In Commonwealth v. Roman in affirming the defendant’s conviction of first-degree murder and a related offense, the SJC rejected his request that the Court invoke its  statutory powers and conclude that the trial judge should have declared a mistrial sua sponte with respect to alleged jury tampering.  During the trial, it  was  revealed that on the seventh day of trial that three of the jurors had been exposed to “troublesome conduct” outside of the courtroom by members of the victim’s family. The judge conducted an individual voir dire of the jury, in order to determine whether any prejudice to the defense had resulted from the experiences of the three jurors.
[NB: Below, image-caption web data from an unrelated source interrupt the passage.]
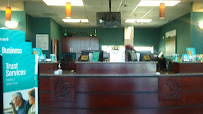 First Security Bank 04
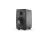 IK Multimedia iLoud Precision 6 MKII - Black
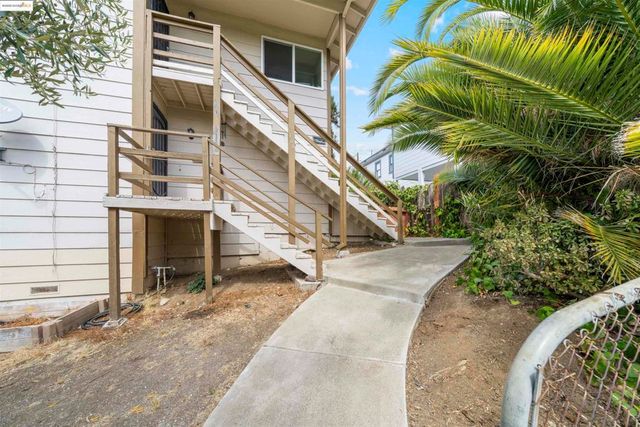 100 Carolina St, Vallejo, CA 94590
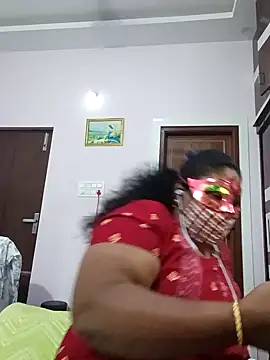 Pushpavathi 78 online show from 02/23/25, 04:46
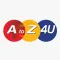 AToZ Courier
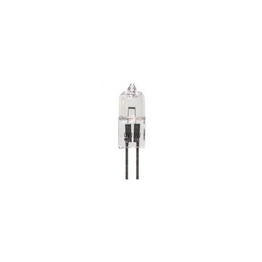 International Lighting 2PAK:WW-5KKB-2 image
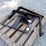 unused-2026-captok-crawler-excavator-forks-image-1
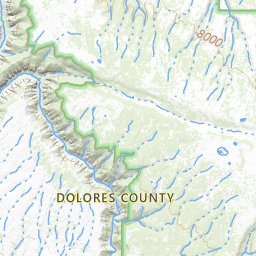 Mountain Sheep Point Rec Site | Bureau of Land Management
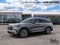 2027 Lincoln Aviator Premiere AWD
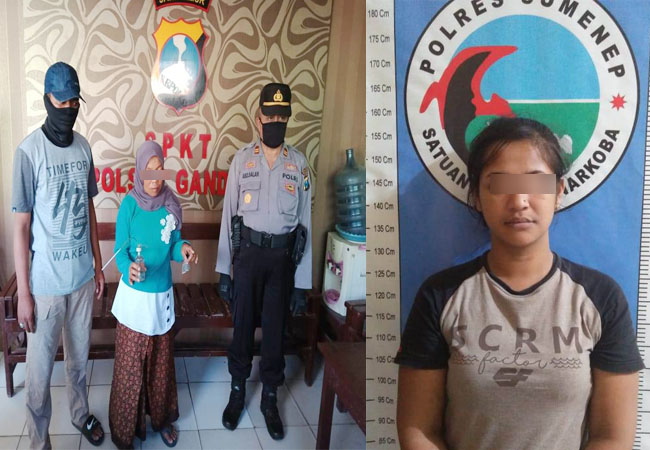 https://seputarmadura.com/wp-content/uploads/2020/07/Sabu-Seberat-4-3-gram-Disita-Polisi-Dari-Tangan-Perempuan-di-Sumenep.jpg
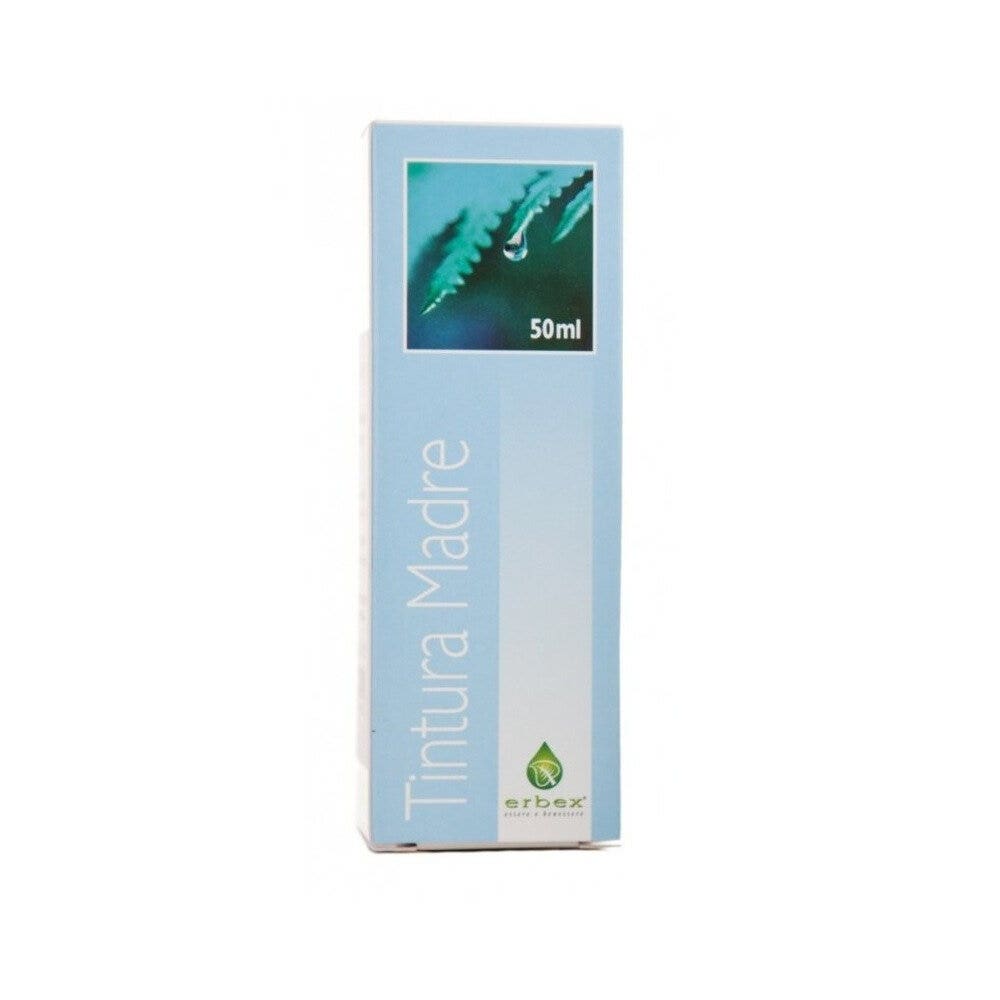 Gemmasol 48 Canneberge 50 ml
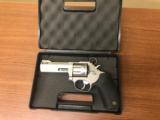 
Taurus 627 Revolver 2627049, 357 Magnum - 6 of 6
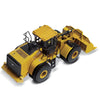 DM CAT 966 GC Wheel Loader - 1:50 Scale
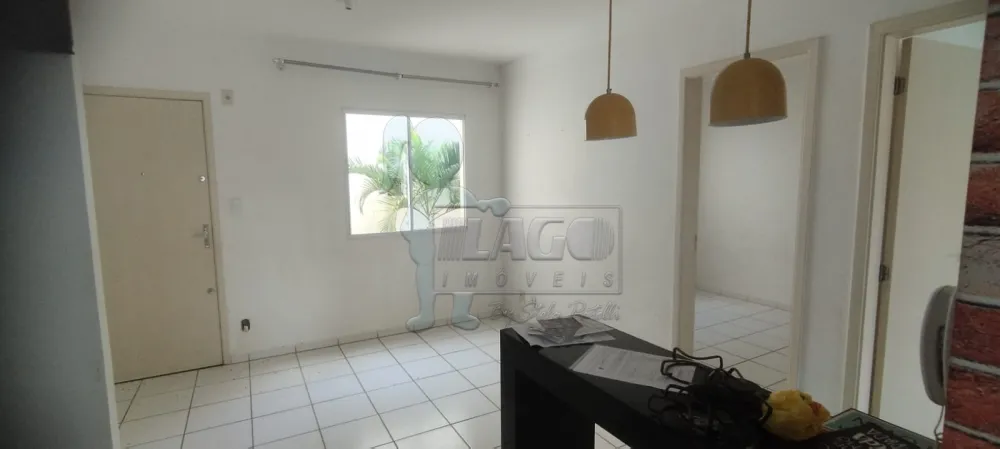 Comprar Apartamento / Padrão em Ribeirão Preto R$ 135.000,00 - Foto 6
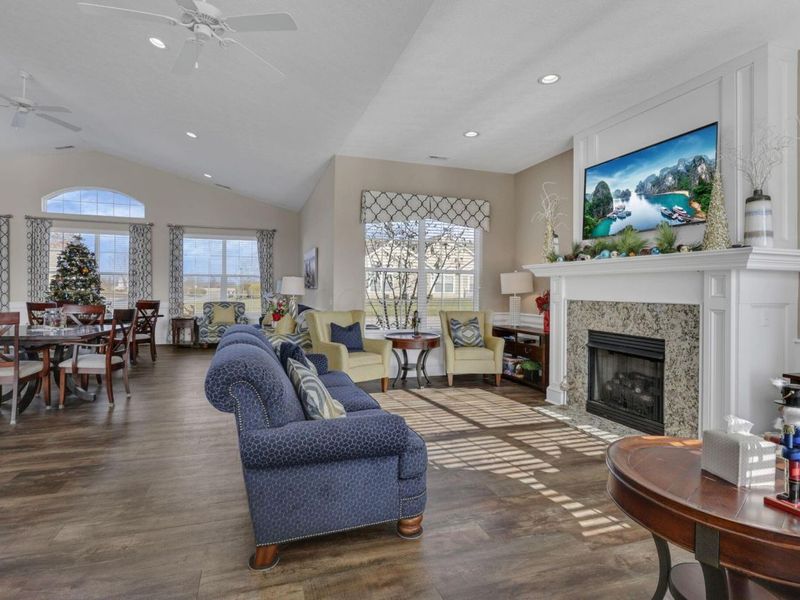 502 Providence Lane, Hebron, OH 43025 Photo 47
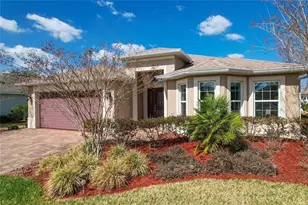 4992 Sandpiper Dr, Oxford, FL 34484 - Photo 1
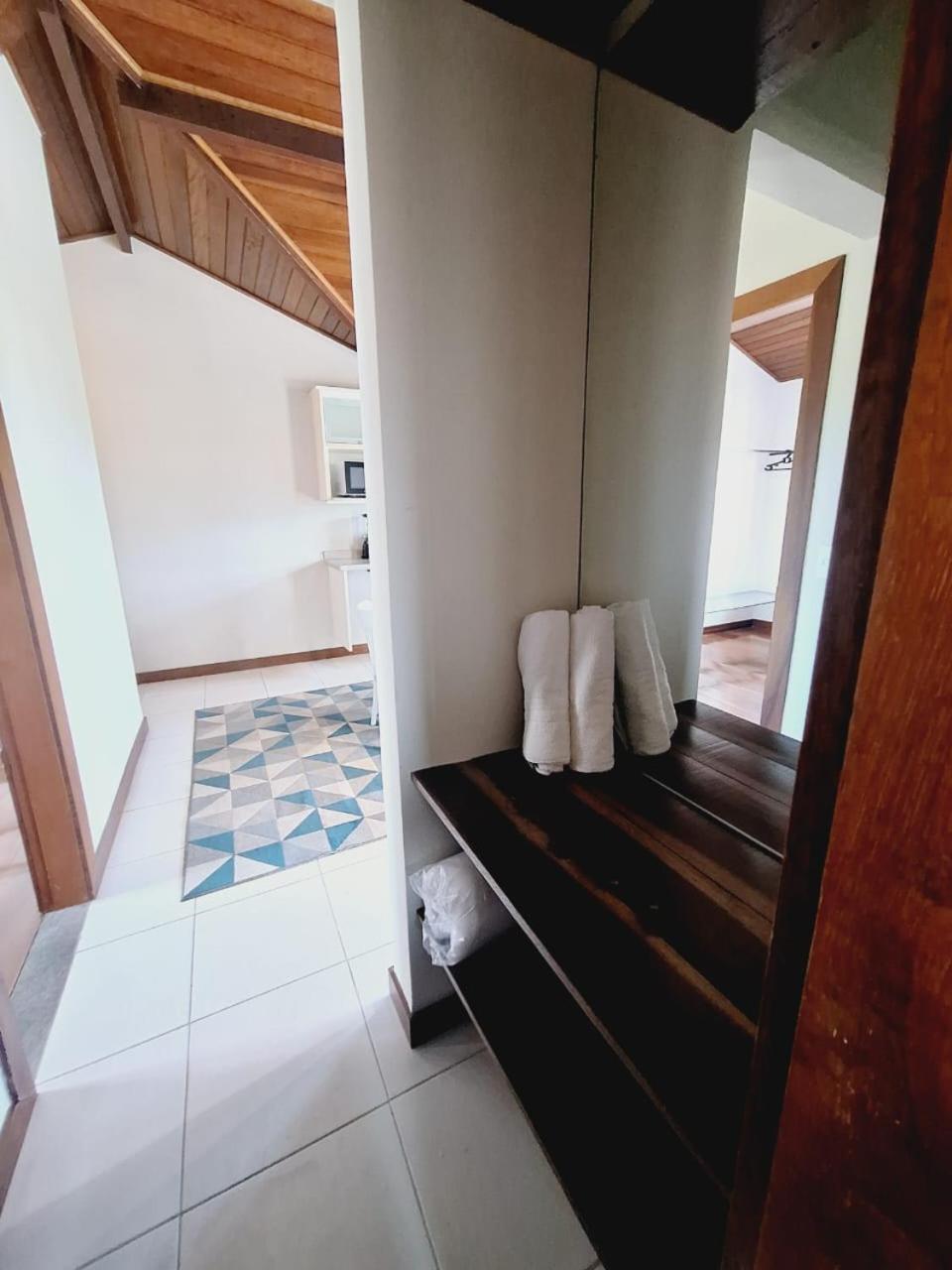 Apartamento Exclusivo Buzios Centro 외부 사진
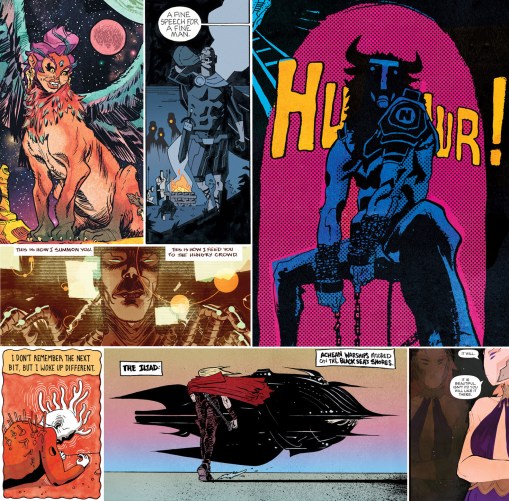 ouatm2 artist collage.jpg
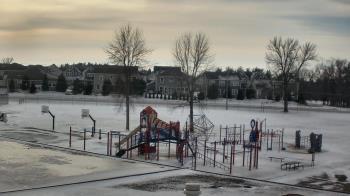 Weather camera view of Orono IS.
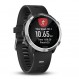 Garmin Forerunner 645 Music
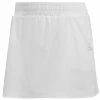 Adidas Women's Seasonal Skirt White CY2316 -New Ace Tennis Shop ADIDAS CY2316 website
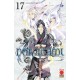NORAGAMI DI ADACHITOKA n. 17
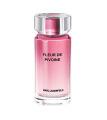 Karl Lagerfeld Fleur de Pivoine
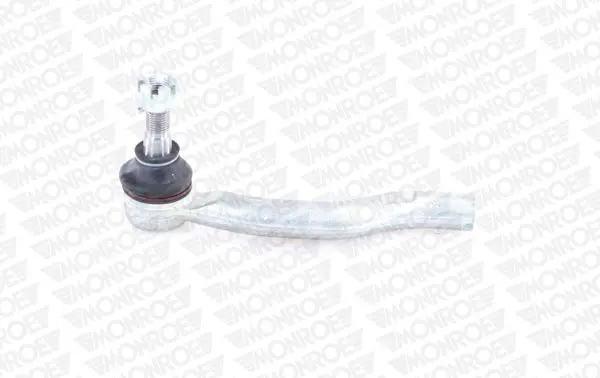 Handler.Part Tie rod end MONROE L14138 2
The most serious of the incident was when the alleged victim’s aunt made remarks about the jurors in the hallway but  stopped  when she saw a  juror approaching.   That same  juror  saw  the aunt look at  a group of jurors in the parking lot and then spit on the ground.  The juror notified the court  that it  could remain fair  and impartial.  The judge then excluded the victim’s aunt and his mother (the subject of another juror’s revelation) from the court room for the remainder of the trial.

On appeal, the SJC concluded that in these circumstances, the judge was not required to declare a mistrial. The Court stated (1) that in response to the revelations regarding a potential, extraneous influence on the jury, the judge had followed the correct procedure; (2) that experienced trial counsel had voiced no objection to the judge’s handling of the matter; and (3) that the defendant had failed to demonstrate any ‘solid evidence of a distinct bias.